In view of such a problem, JP 2000-25233 A discloses an ink jet recording apparatus in which multiple ejection electrodes (individual electrodes) are provided on a substrate dividing ink guides and ink droplets are ejected from the ink guides by means of electrostatic forces generated through application of voltages to the ejection electrodes, where a shield electrode for shielding electric lines of force from adjacent channels is formed between the ejection electrodes. In this ink jet recording apparatus, a voltage, which is lower than the voltages applied to the ejection electrodes but is sufficiently high enough not to be discharged between the ejection electrodes, is applied to the shield electrode, thereby suppressing interference between adjacent ejection electrodes.
In the ink jet recording apparatus disclosed in JP 2000-25233 A, however, the ejection electrodes and the shield electrode are provided on the same surface, so it is impossible to shield electric lines of force generated from end portions on an outer peripheral side of the ejection electrodes with the shield electrode, which leads to a problem in that it is impossible to effectively prevent electric field interference between adjacent ejection ports.
In order to suppress the electric field interference, it is effective to provide a wide shield electrode between adjacent ejection ports. As in the case disclosed in JP 2000-25233 A in which the shield electrode and the ejection electrodes are provided on the same surface, however, when ejection ports are disposed at a high density, it is impossible to secure a sufficient width of the shield electrode between the adjacent ejection ports. On the other hand, when the intervals between the ejection portions are increased in order to increase the width of the shield electrode between the ejection ports, this results in an unfavorable situation in which the density of the ejection ports is lowered and a head size is increased.
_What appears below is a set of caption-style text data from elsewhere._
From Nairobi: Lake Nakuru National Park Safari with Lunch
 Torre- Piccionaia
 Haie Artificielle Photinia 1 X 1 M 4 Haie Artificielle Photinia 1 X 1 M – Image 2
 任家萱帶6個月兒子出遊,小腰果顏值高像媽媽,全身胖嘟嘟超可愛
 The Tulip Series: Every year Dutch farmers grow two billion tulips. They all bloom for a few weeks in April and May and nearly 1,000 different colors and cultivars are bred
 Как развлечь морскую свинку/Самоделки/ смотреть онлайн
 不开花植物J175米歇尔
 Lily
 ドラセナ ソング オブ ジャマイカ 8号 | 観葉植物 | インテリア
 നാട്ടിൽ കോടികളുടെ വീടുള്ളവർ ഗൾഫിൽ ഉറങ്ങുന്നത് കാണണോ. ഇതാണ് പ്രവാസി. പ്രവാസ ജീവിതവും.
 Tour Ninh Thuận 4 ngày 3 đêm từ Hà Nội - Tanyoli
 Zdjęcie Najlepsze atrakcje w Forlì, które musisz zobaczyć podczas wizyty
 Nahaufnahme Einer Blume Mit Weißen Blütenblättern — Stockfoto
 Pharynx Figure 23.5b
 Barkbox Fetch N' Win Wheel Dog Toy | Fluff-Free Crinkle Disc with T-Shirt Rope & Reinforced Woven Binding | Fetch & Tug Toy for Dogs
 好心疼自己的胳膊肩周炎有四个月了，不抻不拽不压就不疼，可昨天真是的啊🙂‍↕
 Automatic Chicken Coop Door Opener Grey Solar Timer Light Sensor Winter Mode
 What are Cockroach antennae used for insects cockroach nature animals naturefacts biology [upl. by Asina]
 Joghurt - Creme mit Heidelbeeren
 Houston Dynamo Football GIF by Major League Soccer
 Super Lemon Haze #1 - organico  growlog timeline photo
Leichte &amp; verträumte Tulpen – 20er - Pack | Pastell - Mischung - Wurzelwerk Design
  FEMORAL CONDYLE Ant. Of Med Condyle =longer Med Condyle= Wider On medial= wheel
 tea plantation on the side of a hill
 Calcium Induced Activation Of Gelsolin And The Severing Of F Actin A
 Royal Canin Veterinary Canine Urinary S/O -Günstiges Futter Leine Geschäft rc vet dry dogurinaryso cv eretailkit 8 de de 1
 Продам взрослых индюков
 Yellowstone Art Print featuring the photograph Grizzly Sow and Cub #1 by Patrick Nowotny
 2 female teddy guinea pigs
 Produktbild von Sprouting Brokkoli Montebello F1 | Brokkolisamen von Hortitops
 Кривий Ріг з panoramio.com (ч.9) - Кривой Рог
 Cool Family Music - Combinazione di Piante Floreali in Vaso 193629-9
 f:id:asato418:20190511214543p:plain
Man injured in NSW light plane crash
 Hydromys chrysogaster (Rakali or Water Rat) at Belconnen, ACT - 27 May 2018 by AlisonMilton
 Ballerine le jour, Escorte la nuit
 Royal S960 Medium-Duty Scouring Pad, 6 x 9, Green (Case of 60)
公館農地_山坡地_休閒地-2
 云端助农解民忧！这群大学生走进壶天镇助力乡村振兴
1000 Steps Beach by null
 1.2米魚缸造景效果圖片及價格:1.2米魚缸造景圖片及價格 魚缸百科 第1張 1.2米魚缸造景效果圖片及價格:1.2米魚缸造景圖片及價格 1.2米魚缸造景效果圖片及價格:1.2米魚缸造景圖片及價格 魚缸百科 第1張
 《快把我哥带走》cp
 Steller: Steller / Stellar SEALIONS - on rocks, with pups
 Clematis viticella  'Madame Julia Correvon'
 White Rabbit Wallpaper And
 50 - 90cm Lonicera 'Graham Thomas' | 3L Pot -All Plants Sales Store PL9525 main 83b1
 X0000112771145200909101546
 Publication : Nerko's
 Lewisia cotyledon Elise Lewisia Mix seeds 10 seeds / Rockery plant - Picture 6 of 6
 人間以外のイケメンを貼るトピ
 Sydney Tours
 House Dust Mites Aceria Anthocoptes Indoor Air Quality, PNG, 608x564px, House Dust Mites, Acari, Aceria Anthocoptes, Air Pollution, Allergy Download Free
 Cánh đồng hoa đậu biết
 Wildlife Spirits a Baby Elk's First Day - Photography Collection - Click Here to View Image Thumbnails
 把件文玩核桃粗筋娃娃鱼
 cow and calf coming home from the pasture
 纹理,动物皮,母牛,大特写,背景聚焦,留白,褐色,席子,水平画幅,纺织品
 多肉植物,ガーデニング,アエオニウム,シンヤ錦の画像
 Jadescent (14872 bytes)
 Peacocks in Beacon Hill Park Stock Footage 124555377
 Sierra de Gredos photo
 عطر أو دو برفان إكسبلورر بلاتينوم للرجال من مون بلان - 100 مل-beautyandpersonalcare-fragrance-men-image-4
Therefore, there arises a problem in that it is difficult to perform precise recording with a compact head.
In order to draw a high-quality image at high speed on recording medium using an electrostatic ink jet head, it is required to supply a sufficient amount of charged colorant particles to ejection portions swiftly. As a method of supplying the colorant particles to the ejection portions swiftly, for instance, a method utilizing a liquid current and a method with which the colorant particles are caused to move to ejection ports by electrophoresis are conceivable.
These methods, however, are not enough to completely preclude a danger that an inconvenient situation will occur in which, for instance, a sufficient amount of colorant particles is not supplied to ejection portions swiftly, clogging of ejection ports of an ink jet head occurs, or dots formed on a recording medium are split.